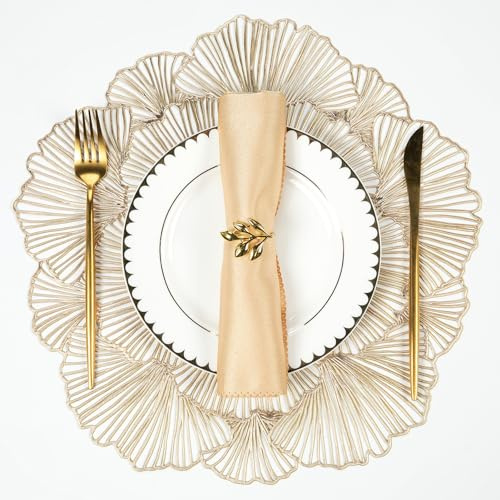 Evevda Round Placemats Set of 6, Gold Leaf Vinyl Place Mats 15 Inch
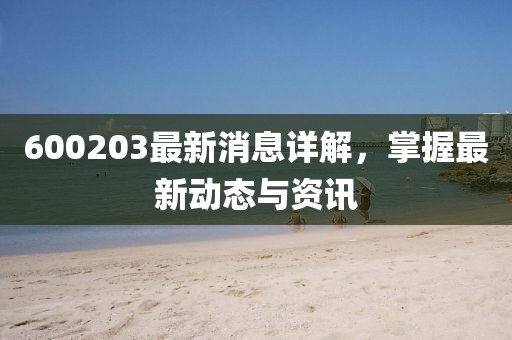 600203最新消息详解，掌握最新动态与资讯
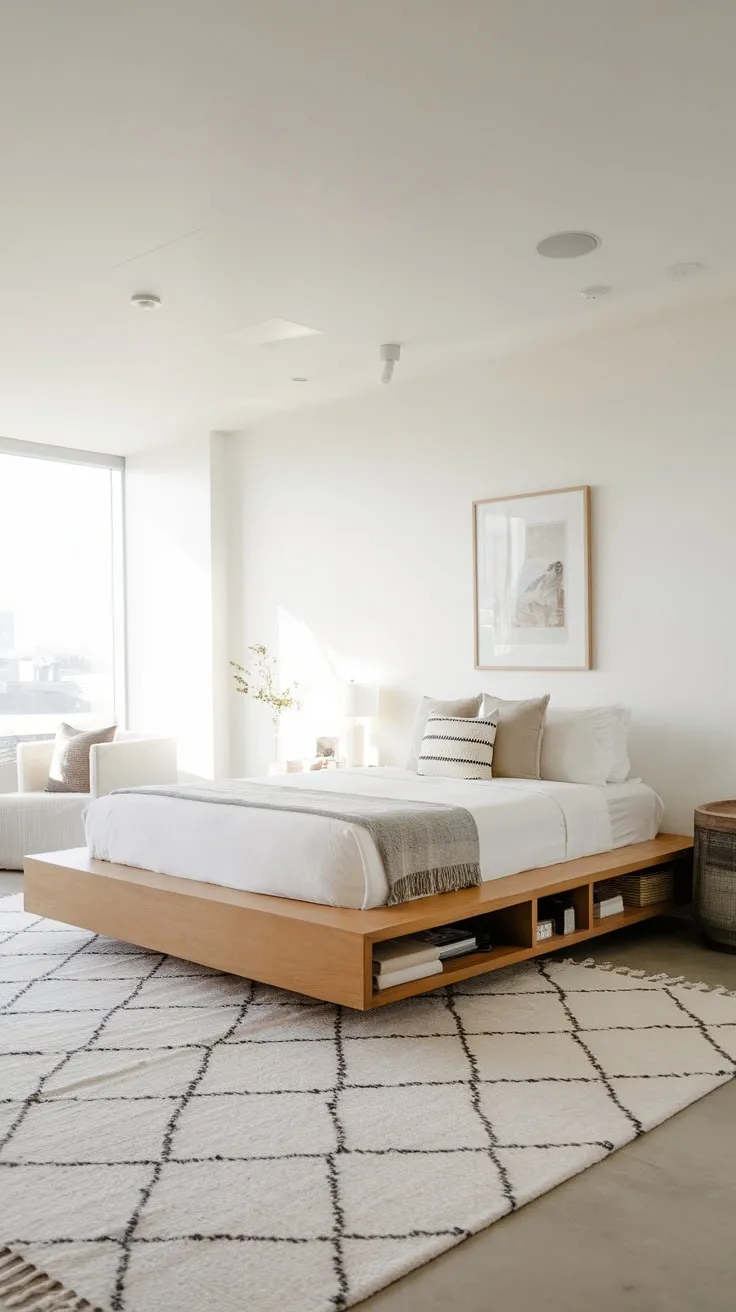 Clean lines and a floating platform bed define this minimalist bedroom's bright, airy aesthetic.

--

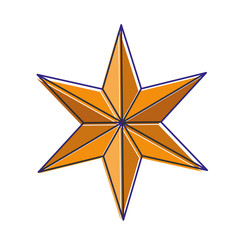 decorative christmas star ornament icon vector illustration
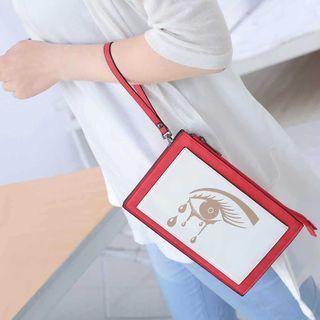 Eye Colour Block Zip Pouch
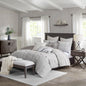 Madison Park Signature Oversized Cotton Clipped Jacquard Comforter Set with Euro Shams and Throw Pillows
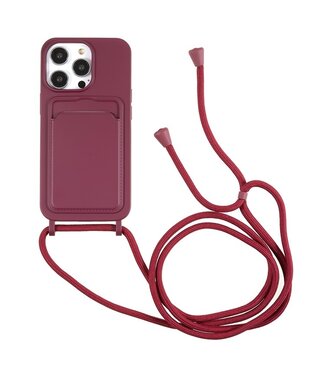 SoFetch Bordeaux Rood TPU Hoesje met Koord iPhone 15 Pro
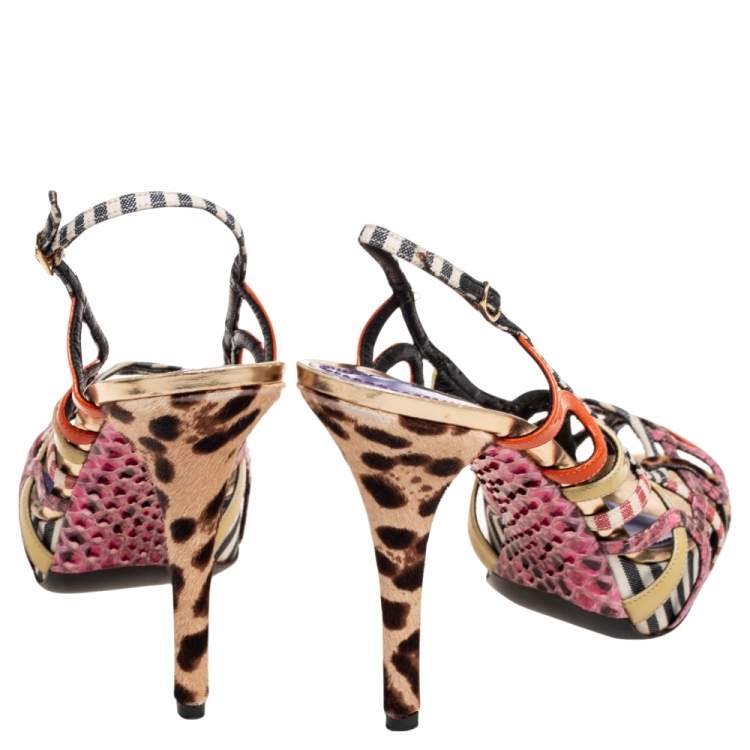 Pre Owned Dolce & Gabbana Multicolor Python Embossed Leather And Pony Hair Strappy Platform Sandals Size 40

--

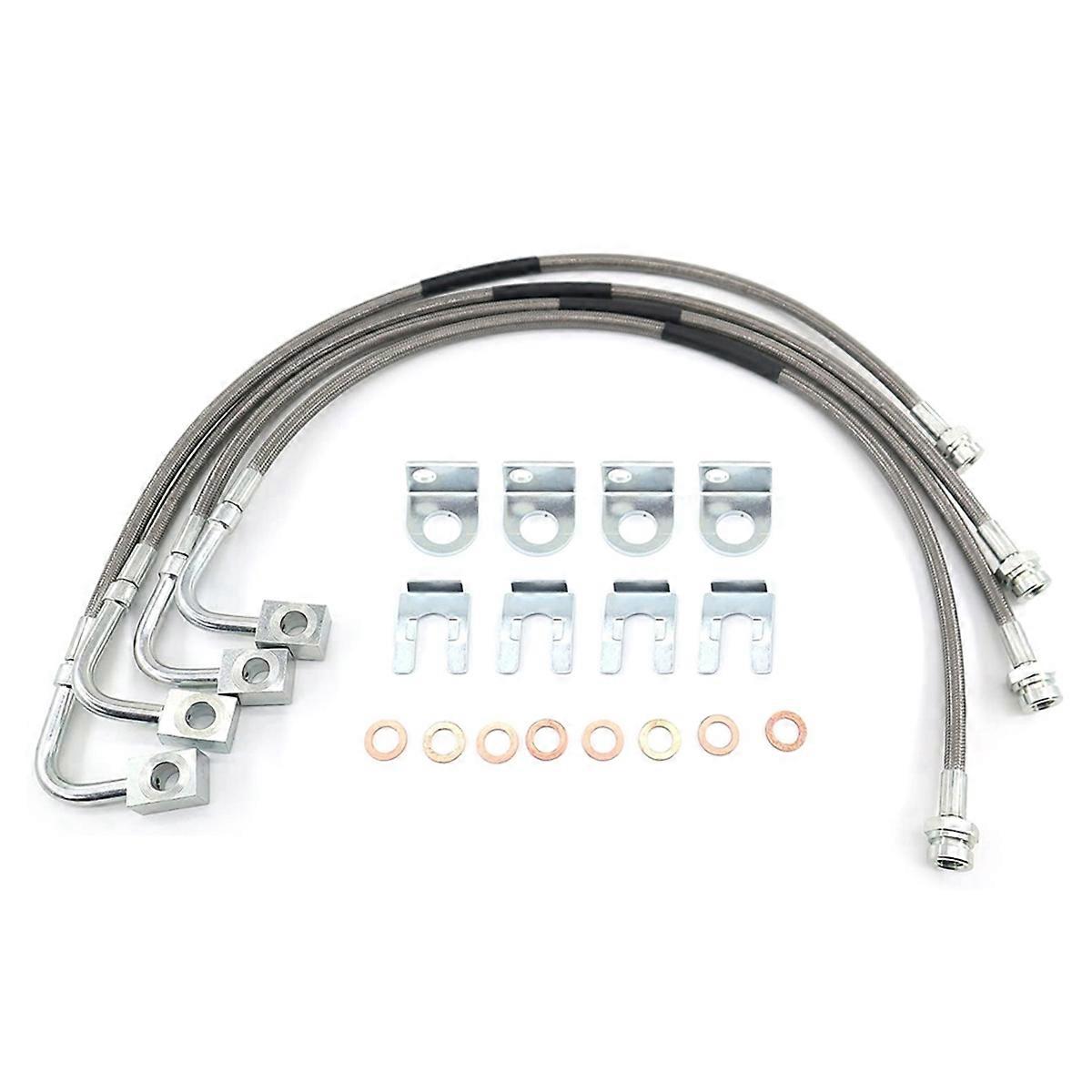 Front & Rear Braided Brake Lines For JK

▶ [Task description]
In the listing above, find the line containing "Madison Park Signature" and the line containing "Pre Owned Dolce", then output those two lines and everything between them exactly as written, without the images.

▶ [Output of the task]
 Madison Park Signature Oversized Cotton Clipped Jacquard Comforter Set with Euro Shams and Throw Pillows
 SoFetch Bordeaux Rood TPU Hoesje met Koord iPhone 15 Pro
 Pre Owned Dolce & Gabbana Multicolor Python Embossed Leather And Pony Hair Strappy Platform Sandals Size 40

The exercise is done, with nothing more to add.